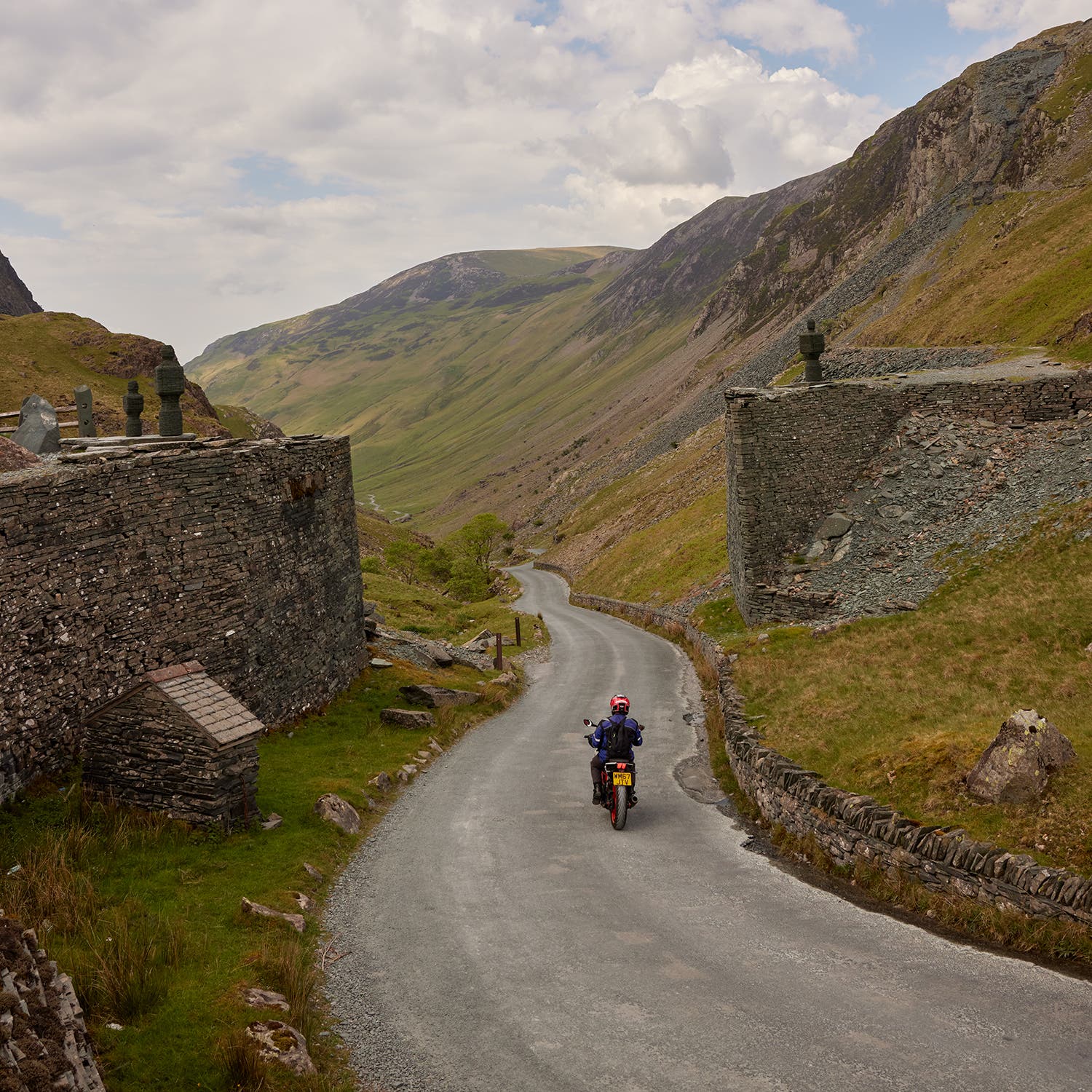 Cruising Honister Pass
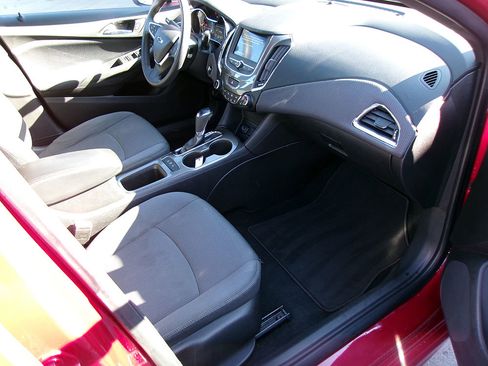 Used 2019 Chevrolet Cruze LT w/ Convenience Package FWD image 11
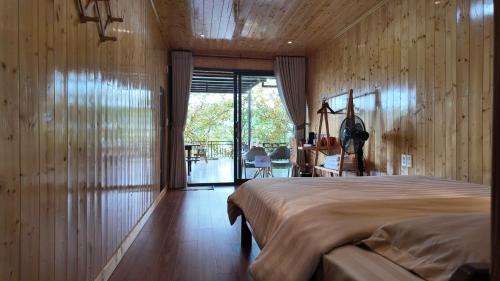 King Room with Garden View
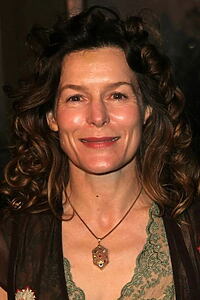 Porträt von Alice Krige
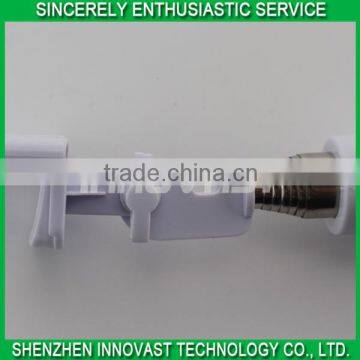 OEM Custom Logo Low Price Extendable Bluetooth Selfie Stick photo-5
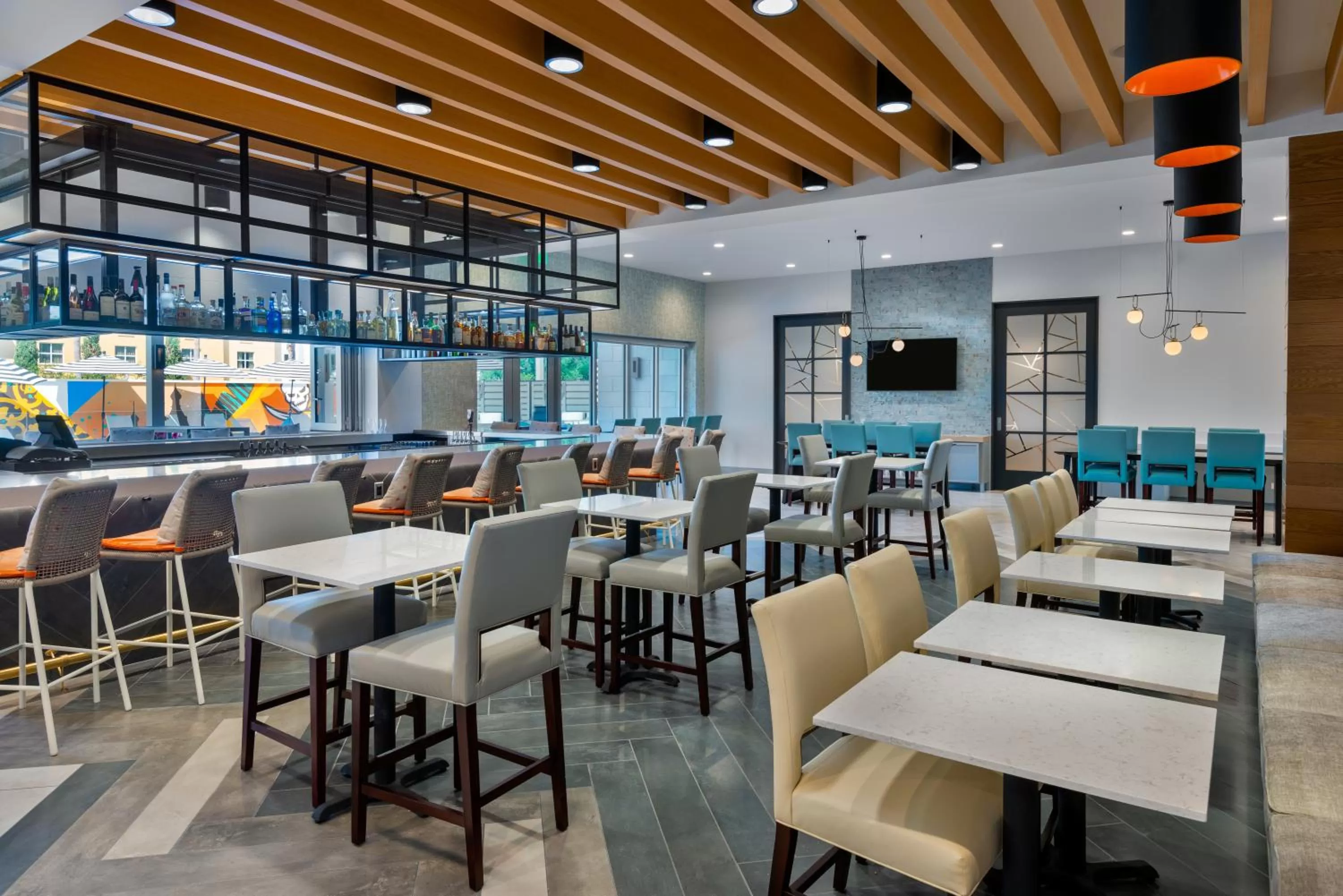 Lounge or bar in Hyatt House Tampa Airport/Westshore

|---|

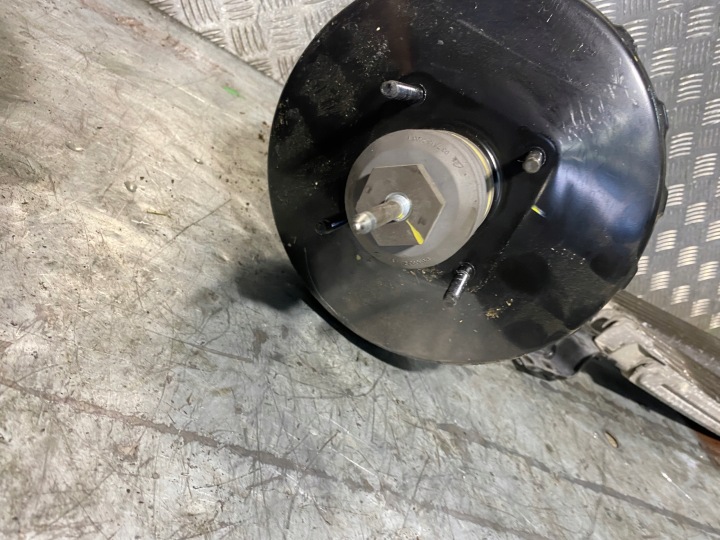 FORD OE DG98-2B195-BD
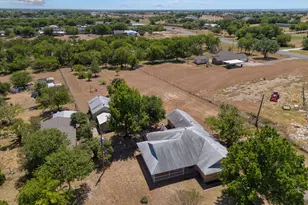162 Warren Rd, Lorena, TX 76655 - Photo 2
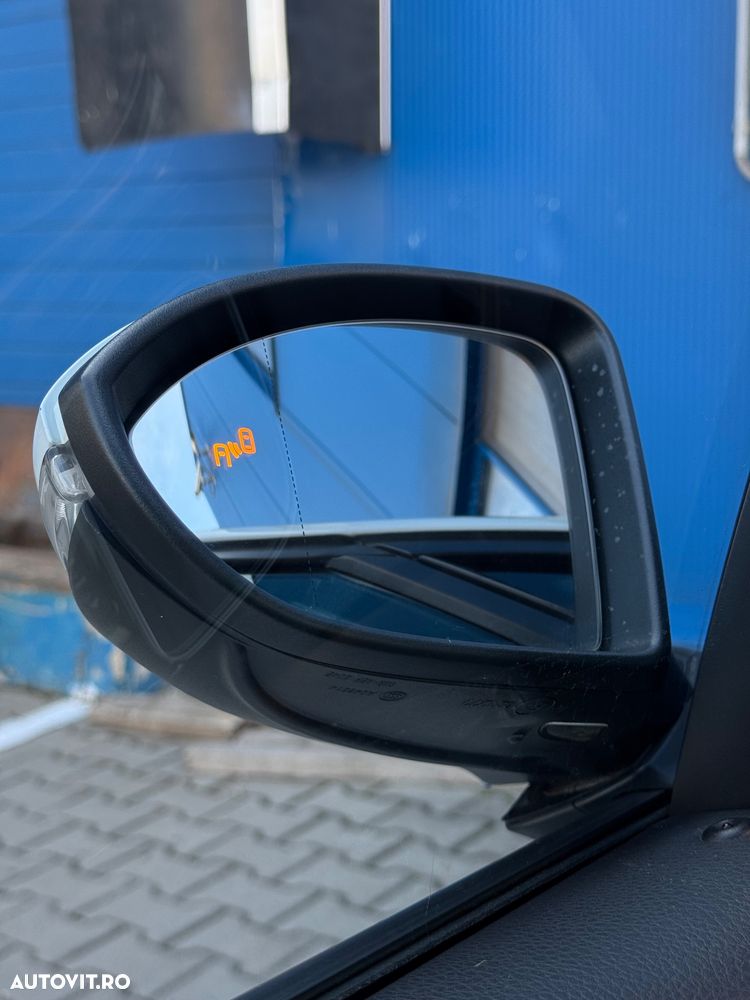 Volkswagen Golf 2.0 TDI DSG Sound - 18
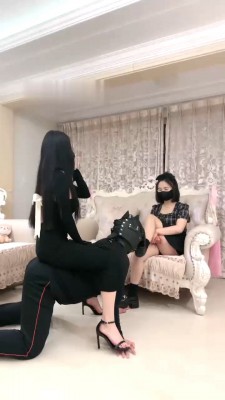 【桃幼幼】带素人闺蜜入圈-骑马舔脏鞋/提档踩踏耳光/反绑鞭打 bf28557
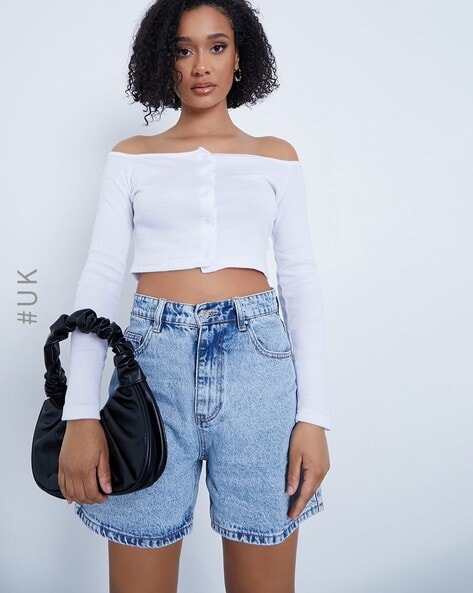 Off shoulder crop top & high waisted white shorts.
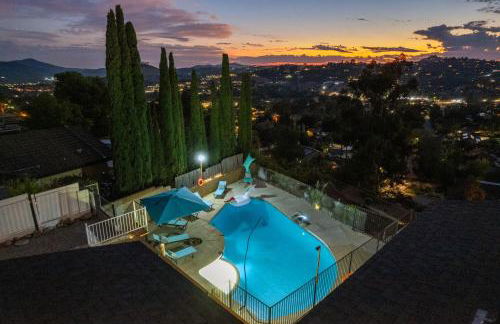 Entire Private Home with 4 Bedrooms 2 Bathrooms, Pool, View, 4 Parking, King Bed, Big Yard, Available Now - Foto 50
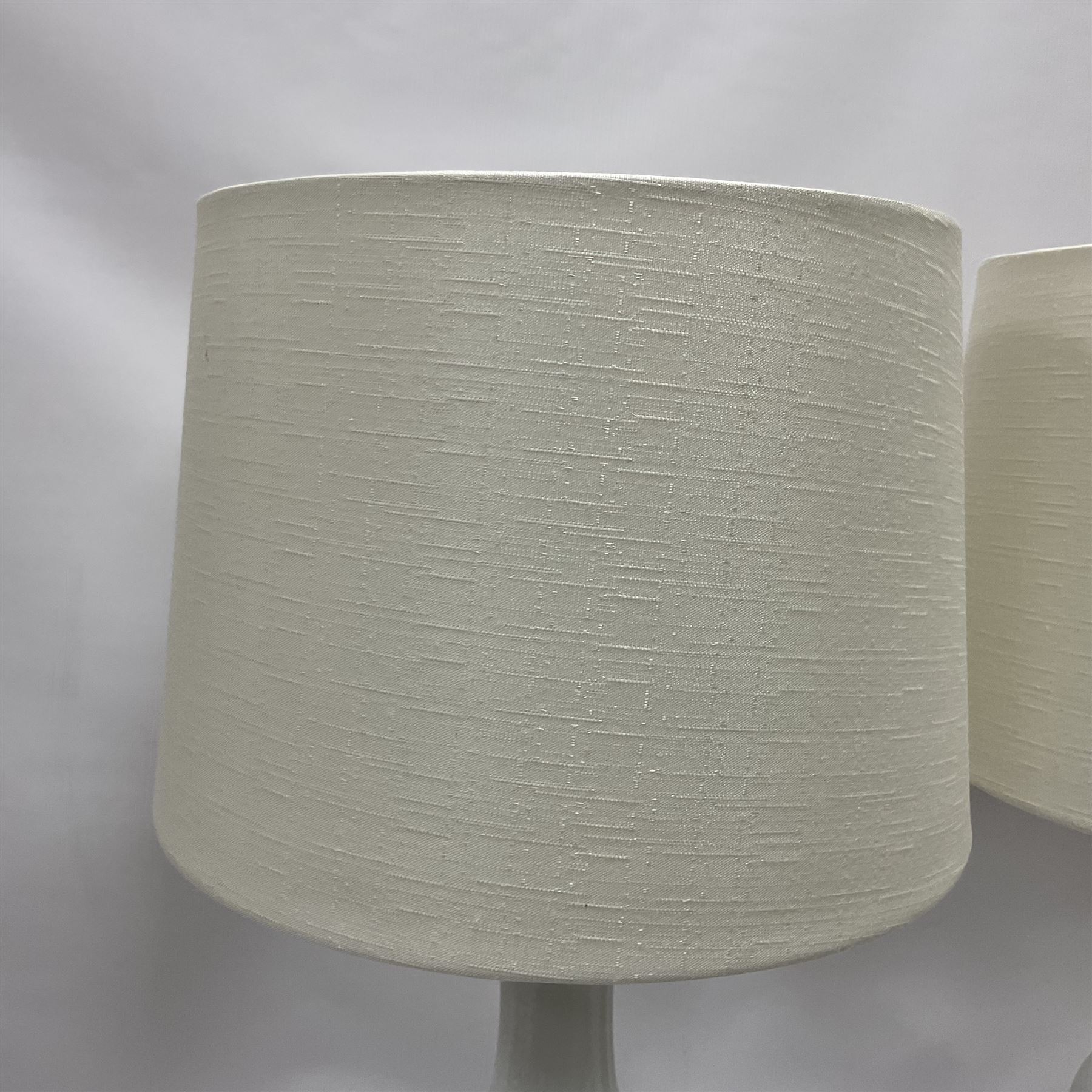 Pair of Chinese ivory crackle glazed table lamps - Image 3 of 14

|---|

| How to complete this task |
Output only the lines above from the line that holds "Used 2019 Chevrolet" through the line that holds "Lounge or bar", both ends included, and exclude pictures.

| Solved exercise |
 Used 2019 Chevrolet Cruze LT w/ Convenience Package FWD image 11
 King Room with Garden View
 Porträt von Alice Krige
 OEM Custom Logo Low Price Extendable Bluetooth Selfie Stick photo-5
 Lounge or bar in Hyatt House Tampa Airport/Westshore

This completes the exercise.